[Entries taken from a collection]
════════════════════

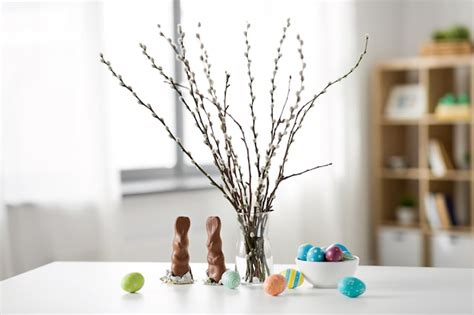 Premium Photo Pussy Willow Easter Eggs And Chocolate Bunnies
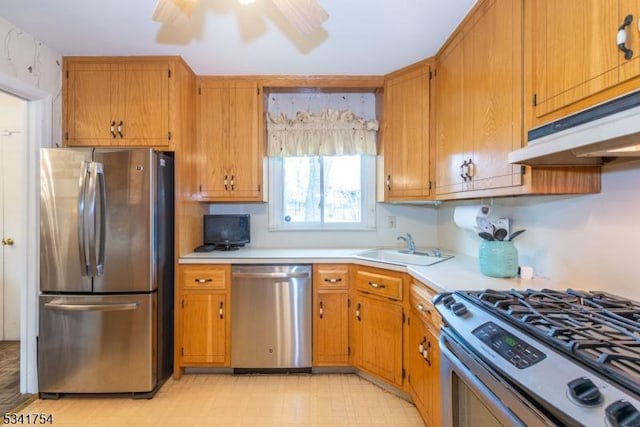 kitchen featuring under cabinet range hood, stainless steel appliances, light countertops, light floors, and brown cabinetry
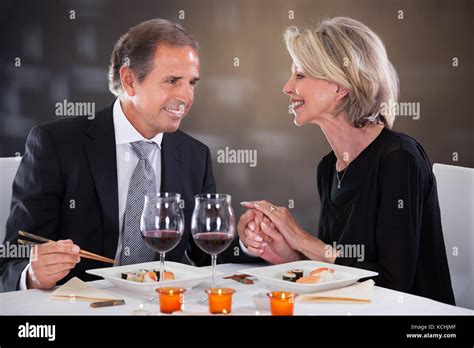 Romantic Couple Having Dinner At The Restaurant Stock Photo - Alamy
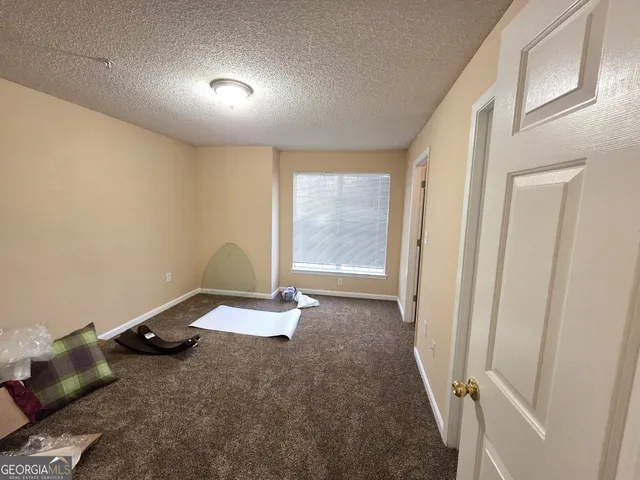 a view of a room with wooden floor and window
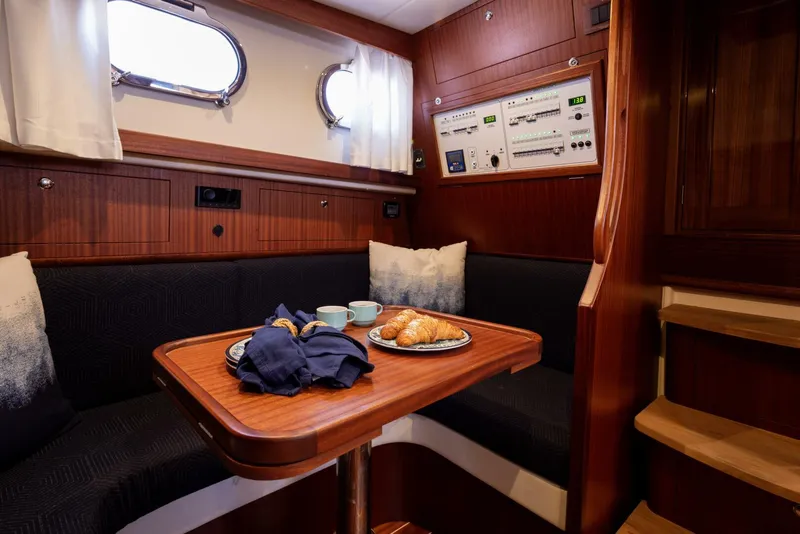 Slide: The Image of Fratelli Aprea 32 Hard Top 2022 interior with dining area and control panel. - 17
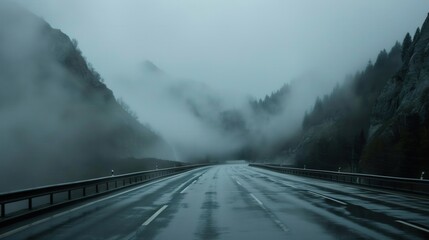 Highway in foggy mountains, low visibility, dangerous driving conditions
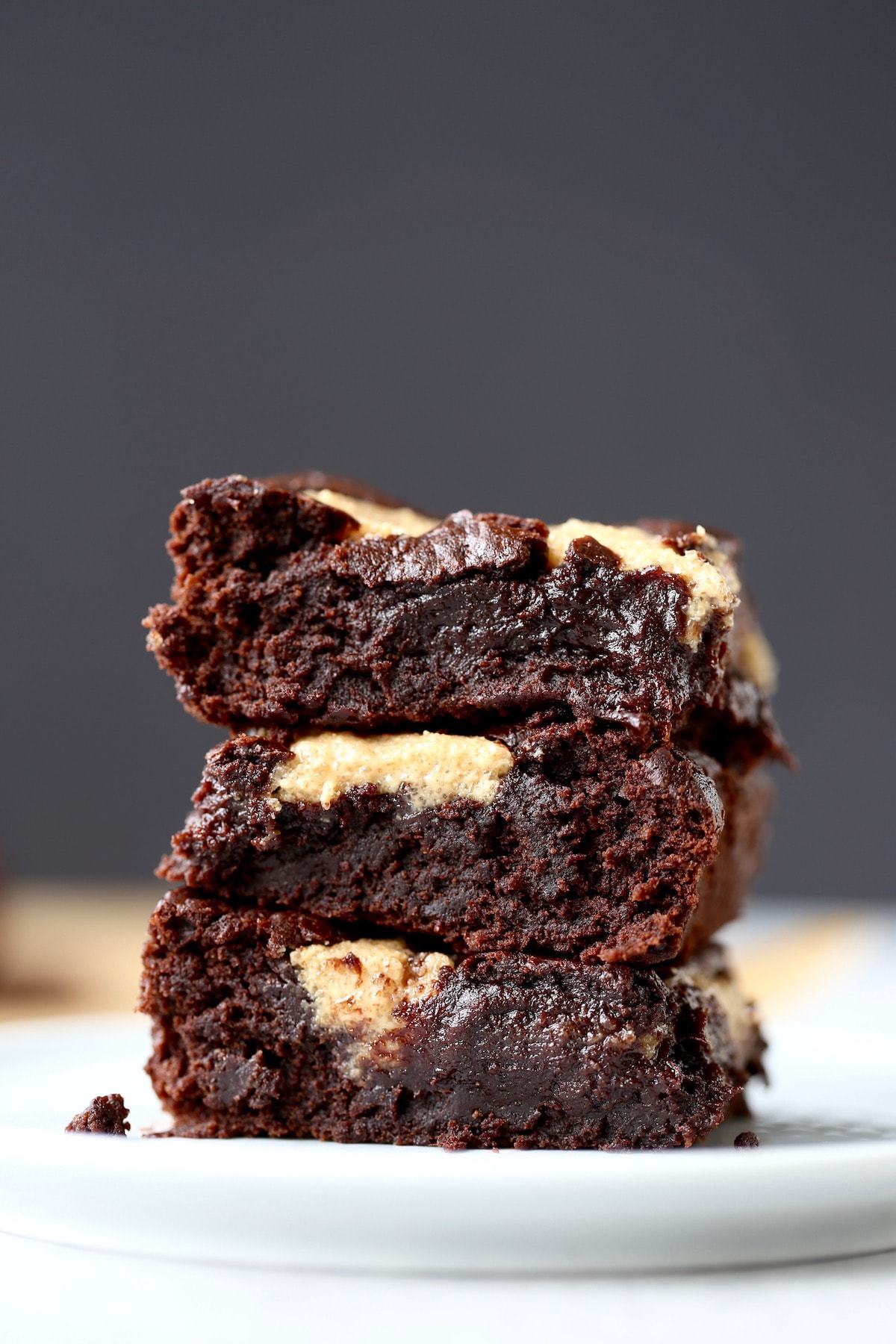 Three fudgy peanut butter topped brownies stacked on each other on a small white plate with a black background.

════════════════════

▸ **Work request**
Every line from the one that contains "a view of a" through the end of the records above is to be reproduced exactly; no picture goes in the copy.

▸ **Solution for this exercise**
 a view of a room with wooden floor and window
 Slide: The Image of Fratelli Aprea 32 Hard Top 2022 interior with dining area and control panel. - 17
 Highway in foggy mountains, low visibility, dangerous driving conditions
 Three fudgy peanut butter topped brownies stacked on each other on a small white plate with a black background.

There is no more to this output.